# Free Firewalls (Zonealarm broke)



## LizardKing (Jul 12, 2011)

So I've been using Zonealarm for years with no trouble, when suddenly it decides to completely lock up my computer on start up (it appears to be preventing any other program or process from either launching or closing). Reinstalling it didn't help, and none of the various results on Google seemed to help. There's one last thing I might try tomorrow, but if it doesn't work, does anyone have any decent recommendations for a free firewall?
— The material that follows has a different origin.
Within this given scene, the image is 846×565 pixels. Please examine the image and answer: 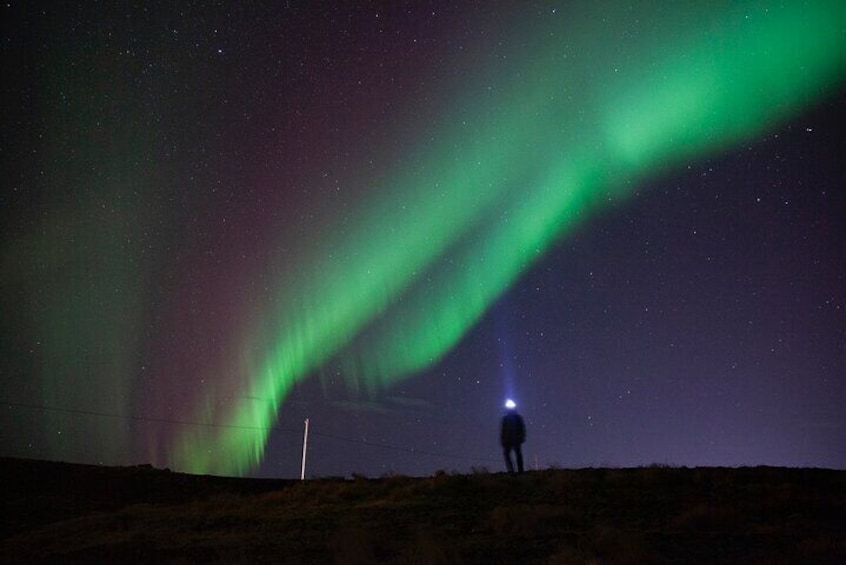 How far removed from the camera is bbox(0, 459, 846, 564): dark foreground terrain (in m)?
10.2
I'm currently using the Windows one, but I don't trust that as far as I can throw it. System is XP SP3, and using Avast! as well.


----------



## Runefox (Jul 12, 2011)

Windows Firewall is pretty decent actually, but if you insist, Comodo trounces ZoneAlarm and is generally pretty amazing for a free firewall.


----------



## FF_CCSa1F (Jul 12, 2011)

Runefox, did you keep in mind that he is using Windows XP? I agree fully that the Windows Firewall is decent - if you're running Windows 7. Most of the times when I've used the Windows XP firewall, it hasn't really done much but ask you if you wanted to allow connections, without actually blocking them.


----------



## Runefox (Jul 12, 2011)

It does the job of blocking incoming connections, which is the most important job a firewall can do. Blocking outgoing connections / managing applications' access to the internet is a relatively new phenomenon, which while Windows Firewall sucks at it, Comodo does incredibly well.


----------



## LizardKing (Jul 12, 2011)

Runefox said:


> It does the job of blocking incoming connections, which is the most important job a firewall can do. Blocking outgoing connections / managing applications' access to the internet is a relatively new phenomenon, which while Windows Firewall sucks at it, Comodo does incredibly well.


 
Blocking incoming connections is great and all, but I like to know when and what my PC is actually doing, including outbound connections, so I'll give Comodo a shot. Thanks. 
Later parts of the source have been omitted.